The index currently puts the spot rate at $5,000.
“Cargo ships often wait for more than a month off the coast before they can offload their goods in the port — roughly how long some spend in transit to Lagos from China,” the report read.
“The congestion at the port in Lagos has become so bad that it can cost more than $4,000 to truck a container 20km to the Nigerian mainland these days, almost as much as it costs to ship one 12,000 nautical miles from China.”

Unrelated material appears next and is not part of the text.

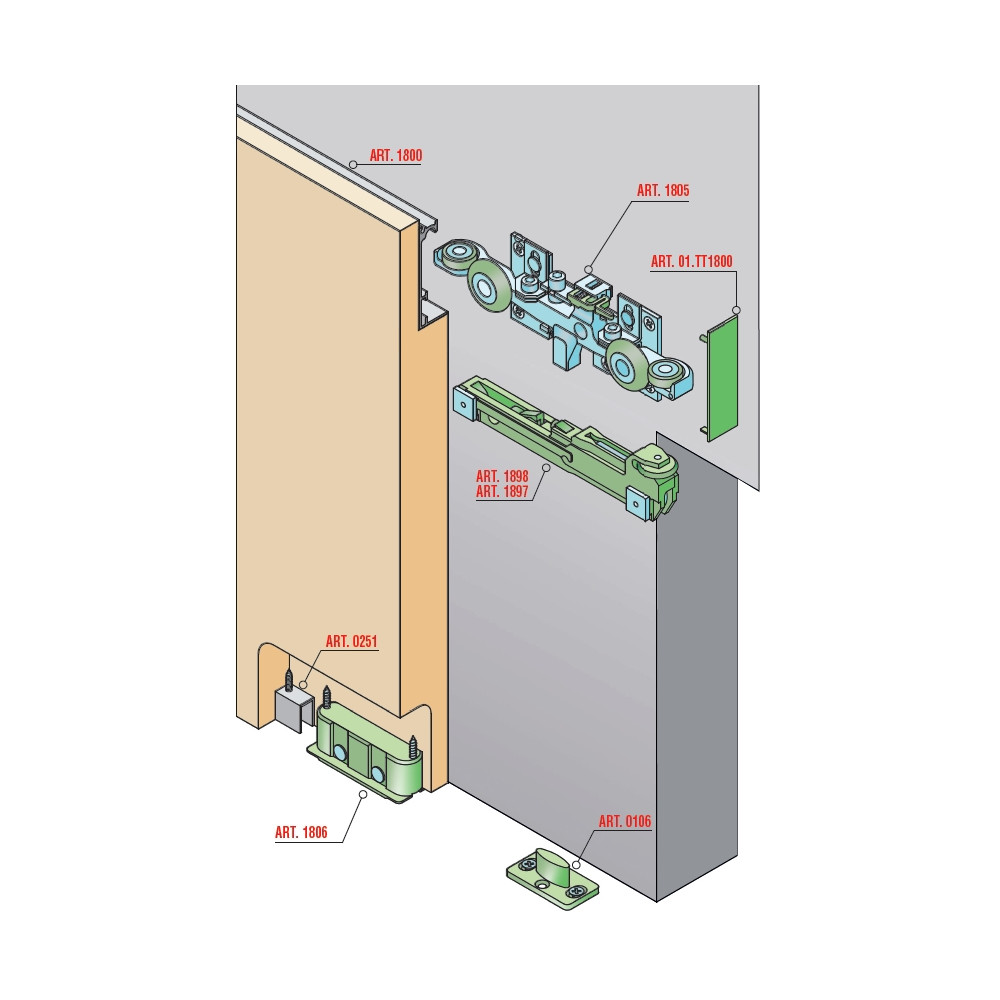 Unsichtbares System für Schiebetüren Sisco Sistem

Financial Times quoted senior executives at logistics firms as saying most importers now prefer to pay spot prices to fleet operators, who charge N1.5 million ($3,953) to drive a 40feet container from Tin Can to warehouses within Lagos rather than pay lower rates for a truck that could take several weeks to enter the port.
This cost, it reports, include road access charges and bribes but does not include terminal or storage charges on the port; general prices (which can run into tens of hundreds of dollars) associated with ships parked at sea or money extorted by criminals and officials while trucks wait days in traffic jams.
In response to the congestion crisis, the Managing Director of Nigerian Ports Authority (NPA), Hadiza Bala Usman, said the company plans to digitilise the processing of containers and has pressed terminal operators to invest more.
The congestion at the Lagos port has been a problem for years and efforts by the government to solve the problem, including constituting a taskforce, has not yielded the desired results.
As a result, cargo destined for Nigeria are now being offloaded in ports in Lome (Togo), Ghana, Cameroon, Cote d’Ivoire and Congo-Brazzaville.
Lome now houses West Africa’s busiest port.